Le lieu et la méthode de transmission des savoirs dont bénéficie un individu dans sa jeunesse sont déterminants pour son cheminement intellectuel et politique. Pour l’artiste, ils constituent un socle d’influences et de pratiques sociales qui ne peuvent que peser durablement sur sa pratique. L’artiste d’origine ukrainienne Slinko, installée aux États-Unis depuis plusieurs années, mobilise dans son travail un ensemble de référents sociohistoriques précis depuis une perspective étroitement liée à son parcours de l’enfance à l’âge adulte. Issue d’une famille dont les ancêtres étaient polonais, elle grandit à Bakhmout, dans le Donbass, pour ensuite étudier à Kharkiv. Dans cette période de transition entre les 20e et 21e siècles, l’influence directe du voisin russe tendait à reculer, et des identités nationales plus distinctes se développaient dans les anciennes Républiques socialistes. Si les techniques éducatives propagandistes du régime soviétique n’étaient plus directement à l’œuvre, leur influence sur le parcours scolaire de la jeunesse ukrainienne demeurait.
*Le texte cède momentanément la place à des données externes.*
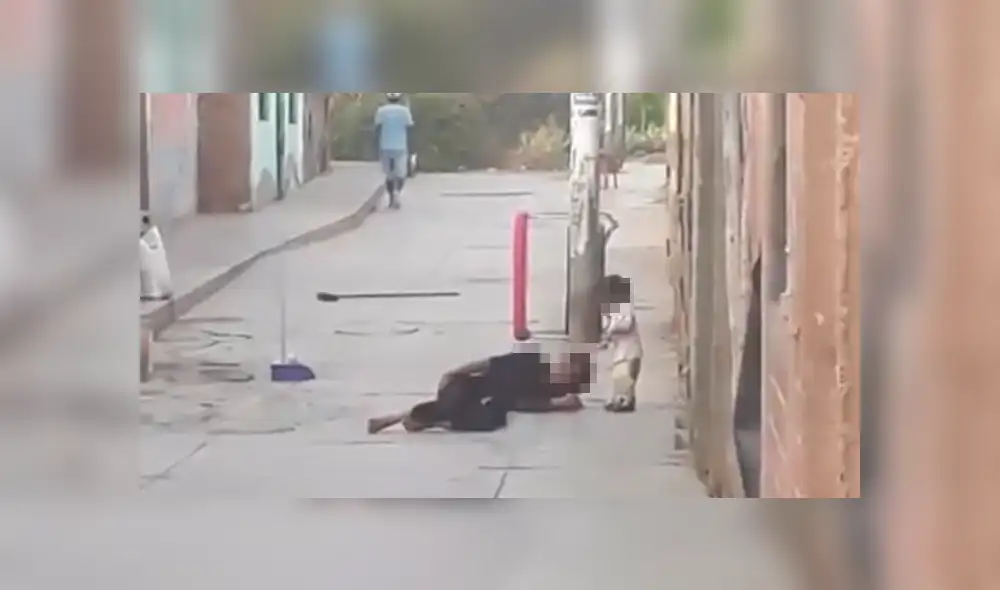 Ica: golpean a mujer y la dejan tirada en el piso junto a su hija [VIDEO]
Curieuse d’apprendre l’art et le design, Slinko a effectué une partie de sa formation dans un bâtiment hérité de l’ère soviétique, dont l’architecture communale avait servi autrefois aux Young Pioneers, cette aile jeunesse du Parti communiste qui se devait de développer une littératie propre aux idéaux du régime.
Lors de sa résidence à Est-Nord-Est, Slinko entreprend de réaliser la maquette d'une bourse du travail, sorte de club de travailleurs·euses voué à l’éducation populaire. À partir de cette forme architecturale héritée des gouvernements socialistes, elle produit un moule destiné à la fabrication d’un modèle réduit du bâtiment en glace. On peut y lire une métaphore de l’effondrement des institutions politiques et la liquidation des biens publics au moment de la chute de l’URSS, mais aussi un hommage à un type d’architecture dédié à l’instruction. Au cours d’un passage à Santa Fe, au Nouveau-Mexique, l’artiste s’était déjà intéressée à l’importance du campus, du lieu d’apprentissage collectif, en explorant les vestiges d’une école d’art dessinée vers 1989 par l’architecte moderniste Ricardo Ligorreta. Déjà désaffecté, sans soutien public conséquent, ce campus présente le dilemme des institutions trop innovantes qui parfois font faillite, se ruinant à vouloir renouveler les formes.
L’atelier témoigne également de l’attirance de Slinko pour les mauvaises herbes. Elle reproduit en métal découpé ces végétaux adaptatifs, espèces rudes et malines que l’agro-industrie, pourtant puissante, n’arrive pas à éliminer ni à en tirer profit. Il y a aussi de larges cyanotypes réalisés à partir de grillages et barrières découvertes lors de promenades dans la région. Ici la séparation et les frontières, celles que l’on désire, mais aussi celles que l’on nous impose ou que l’on défend, sont retournées à leur fragilité intrinsèque. Dans son travail, l’artiste propose une réévaluation de l'histoire sans binarité, évacuant une histoire de tension entre blocs et cherchant plutôt à déconstruire avec humour et intelligence la matrice conceptuelle productiviste des sociétés en quête périlleuse de croissance éternelle.